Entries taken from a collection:
Segment Open

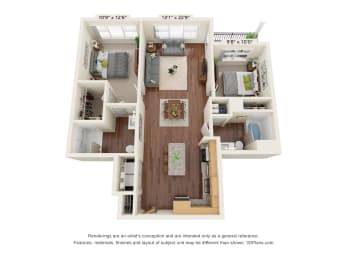  Floor Plan Two Bedroom - B3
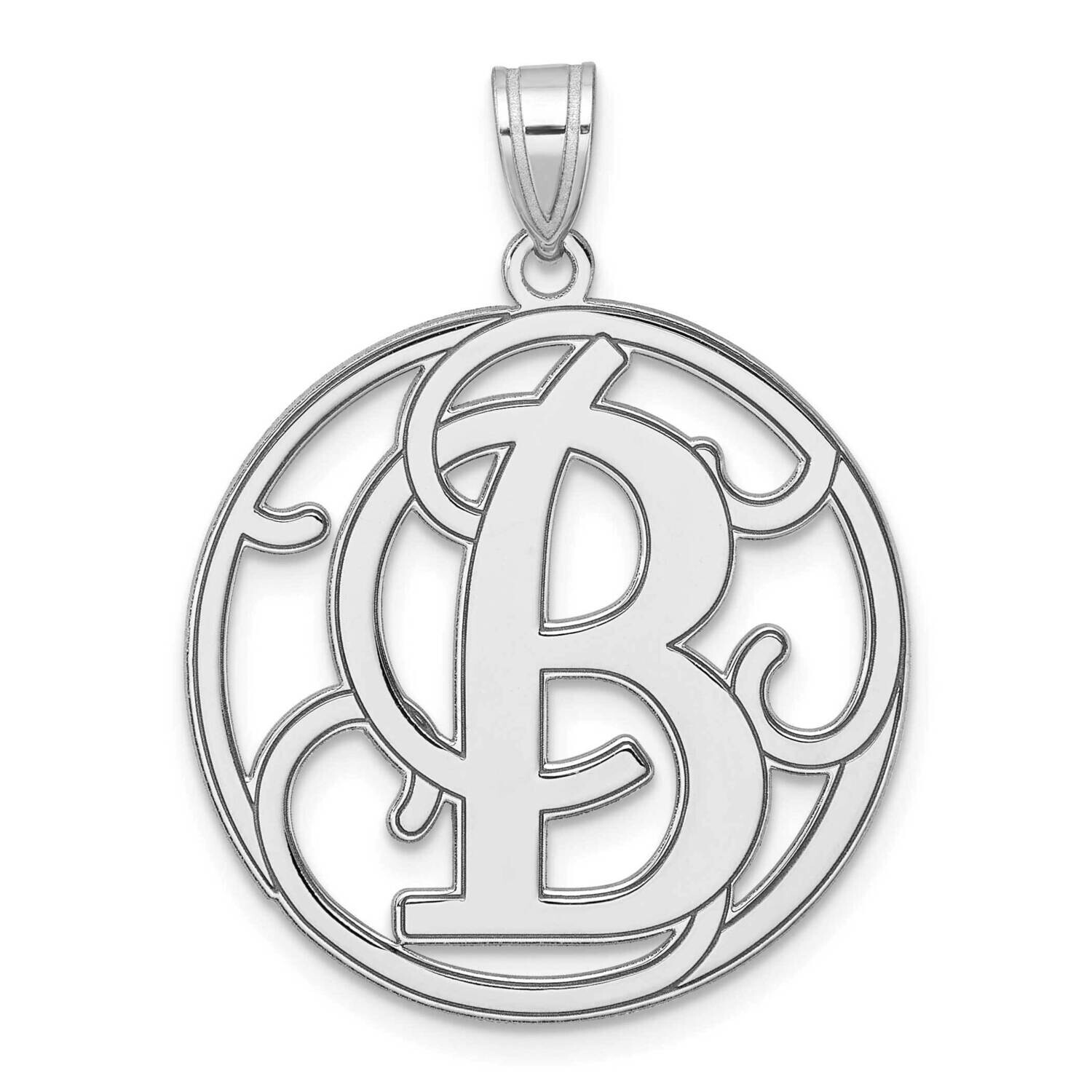 Large Fancy Script Letter B Initial Pendant Sterling Silver Rhodium-Plated QC11258B, MPN: QC11258B,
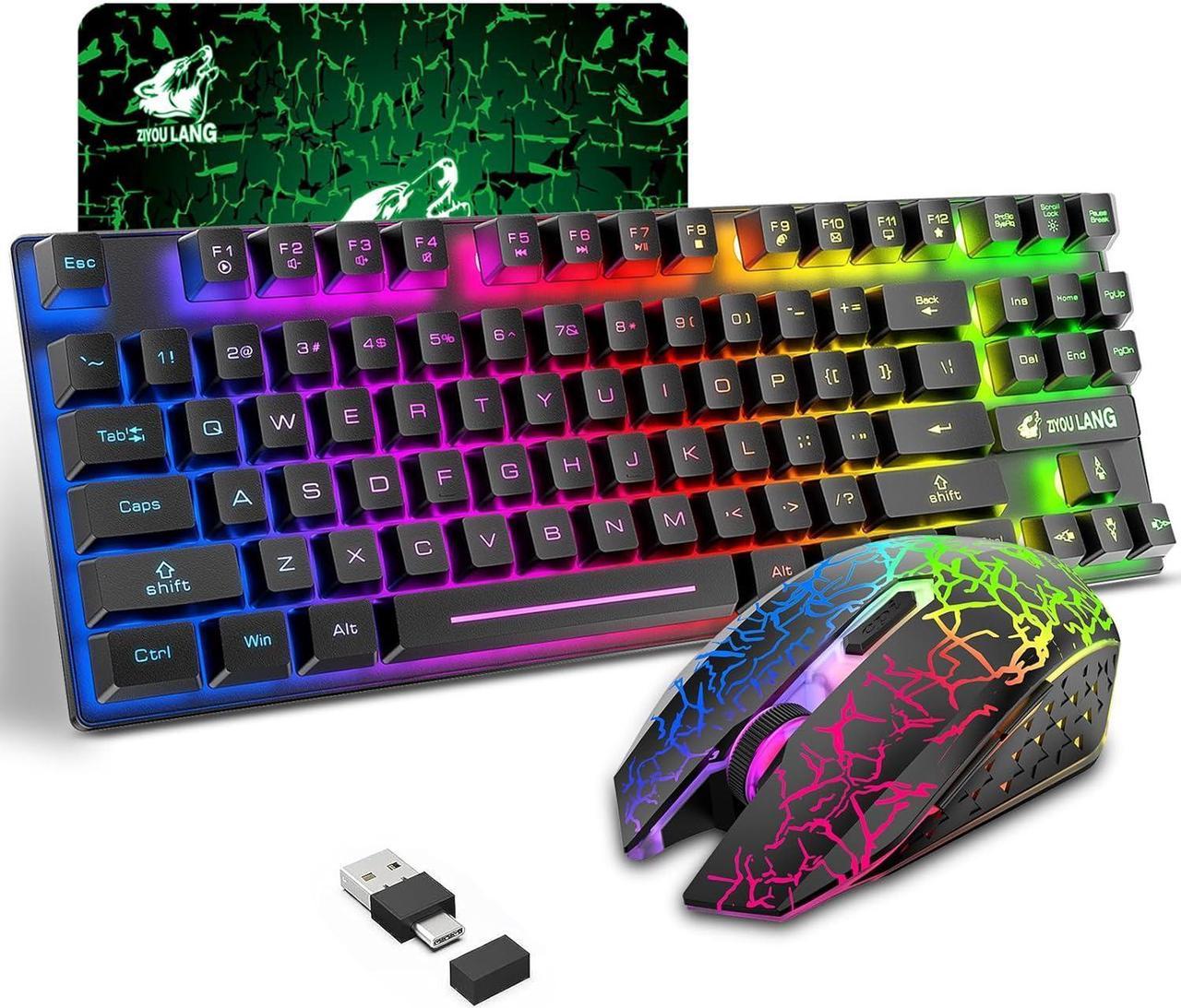 Wireless Gaming Keyboard and Mouse Combo with 87 Key Rainbow LED Backlight Rechargeable 3800mAh Battery Mechanical Feel Anti-ghosting Ergonomic Waterproof RGB Mute Mice for Computer PC Gamer (Black)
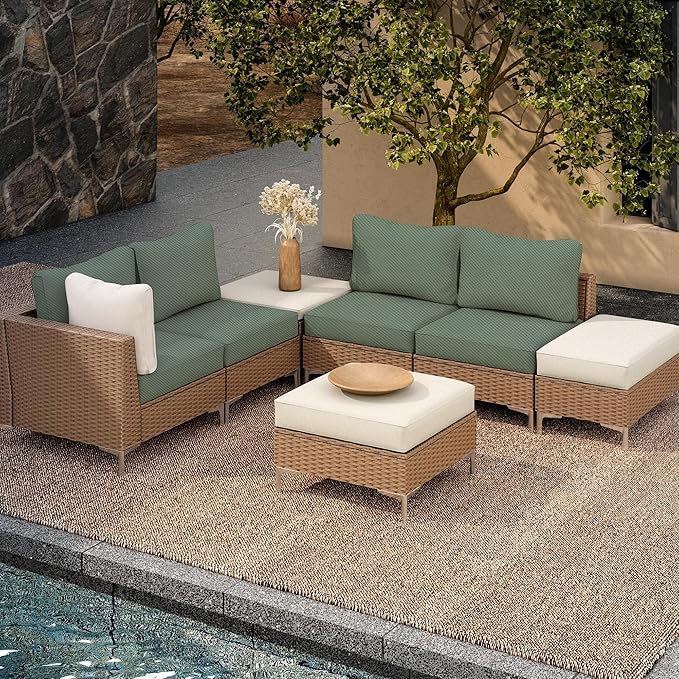 8Pcs Outdoor Cushion Covers, Patio Cushion Covers, Stretch Elastic Slipcovers - Image 5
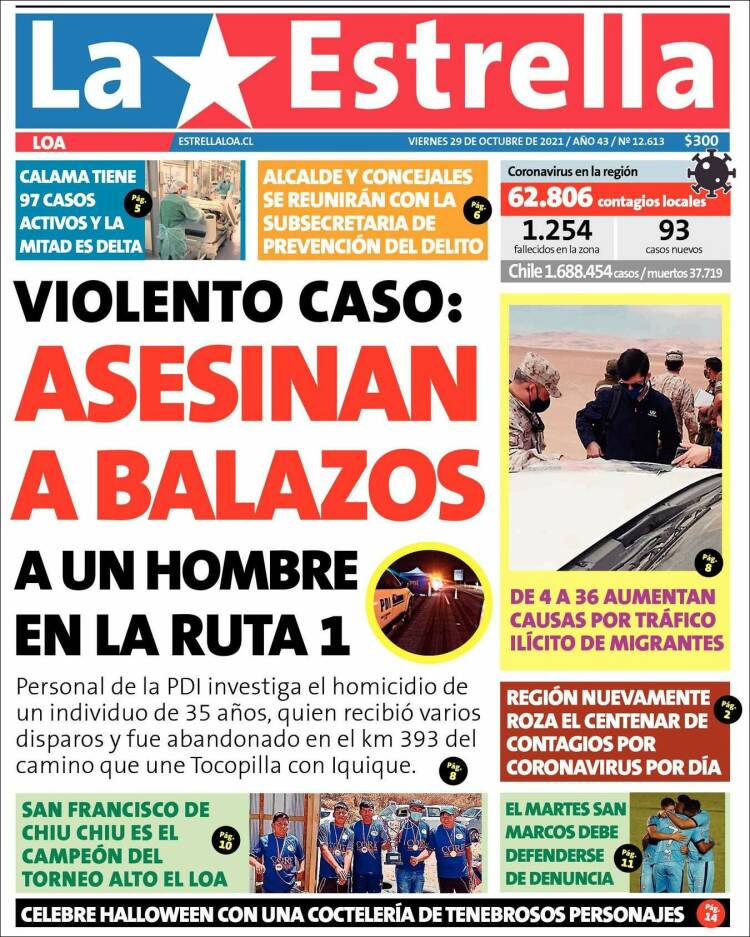 Portada de La Estrella de Loa (Chile)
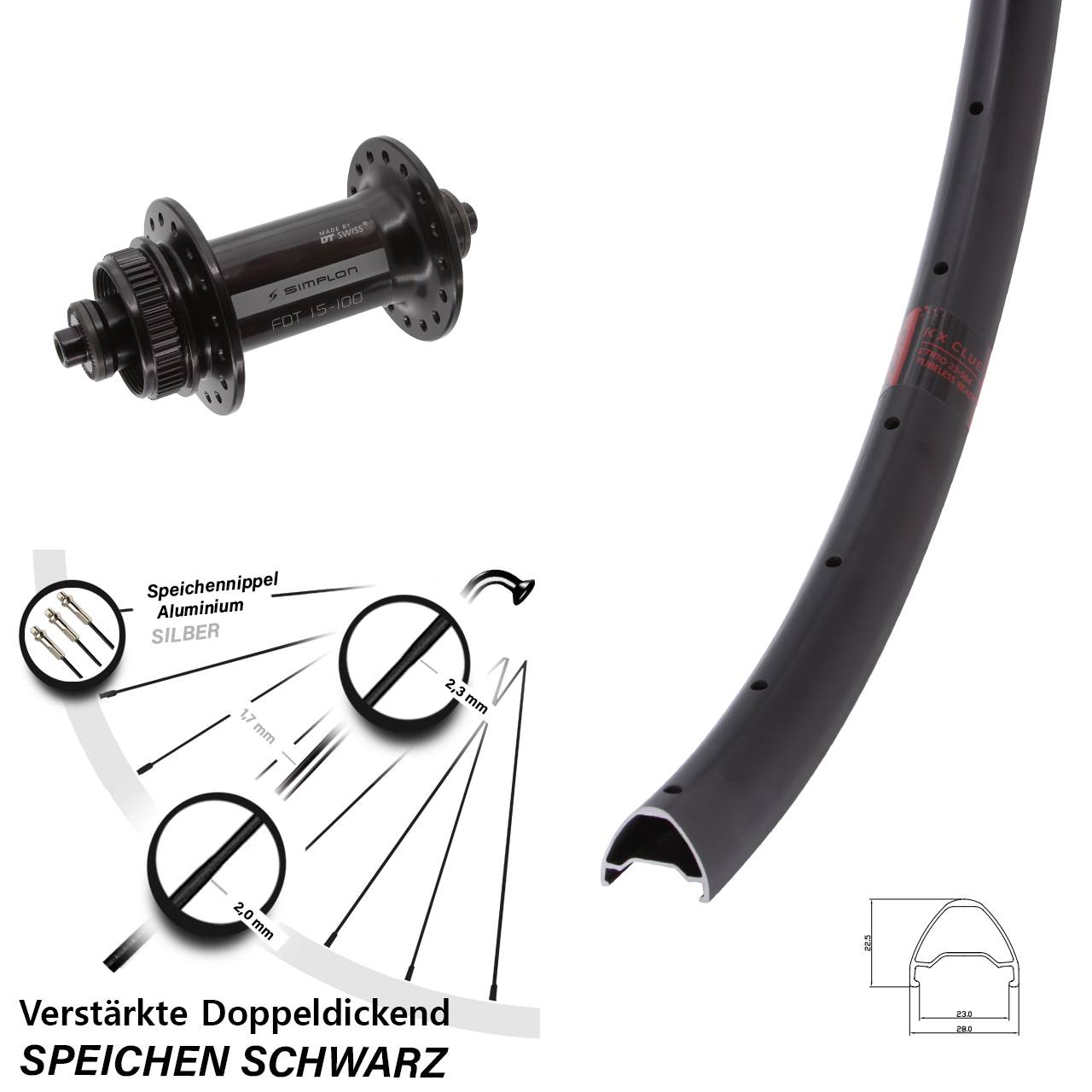 KX Clue DT Swiss 370 26 Zoll Vorderrad Centerlock für Schnellspanner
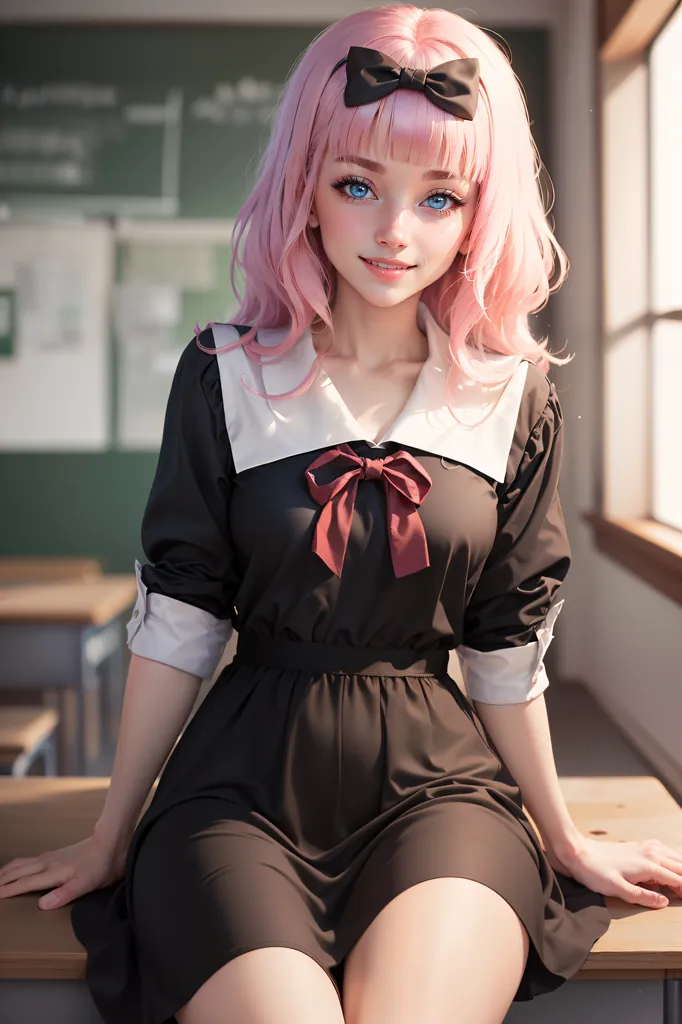 The image shows a young woman with pink hair and blue eyes. She is wearing a black dress with a white collar and a red bow. She is sitting on a table in a classroom. There is a chalkboard behind her. The woman has a confident smile on her face.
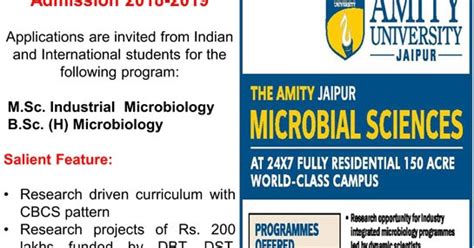 amity jaipur msc industrial microbiology admissions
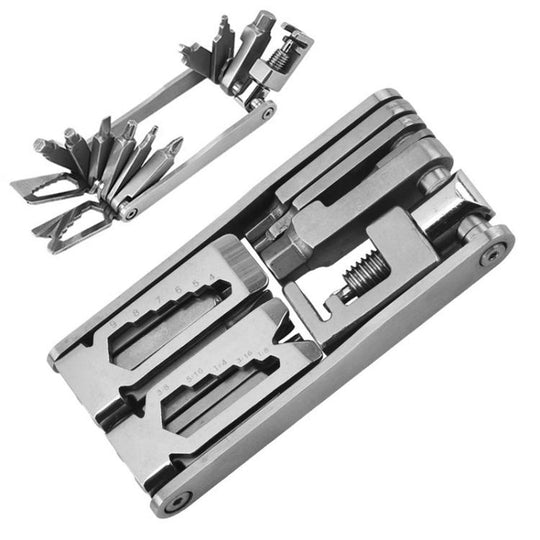 Bicycle 15 In 1 Repair Tool Chain Wrench(Silver)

Segment Closed

→ PROBLEM DESCRIPTION
Could you output every entry exactly as written, skipping the pictures?

→ SOLUTION TO THIS PROBLEM
  Floor Plan Two Bedroom - B3
 Large Fancy Script Letter B Initial Pendant Sterling Silver Rhodium-Plated QC11258B, MPN: QC11258B,
 Wireless Gaming Keyboard and Mouse Combo with 87 Key Rainbow LED Backlight Rechargeable 3800mAh Battery Mechanical Feel Anti-ghosting Ergonomic Waterproof RGB Mute Mice for Computer PC Gamer (Black)
 8Pcs Outdoor Cushion Covers, Patio Cushion Covers, Stretch Elastic Slipcovers - Image 5
 Portada de La Estrella de Loa (Chile)
 KX Clue DT Swiss 370 26 Zoll Vorderrad Centerlock für Schnellspanner
 The image shows a young woman with pink hair and blue eyes. She is wearing a black dress with a white collar and a red bow. She is sitting on a table in a classroom. There is a chalkboard behind her. The woman has a confident smile on her face.
 amity jaipur msc industrial microbiology admissions
 Bicycle 15 In 1 Repair Tool Chain Wrench(Silver)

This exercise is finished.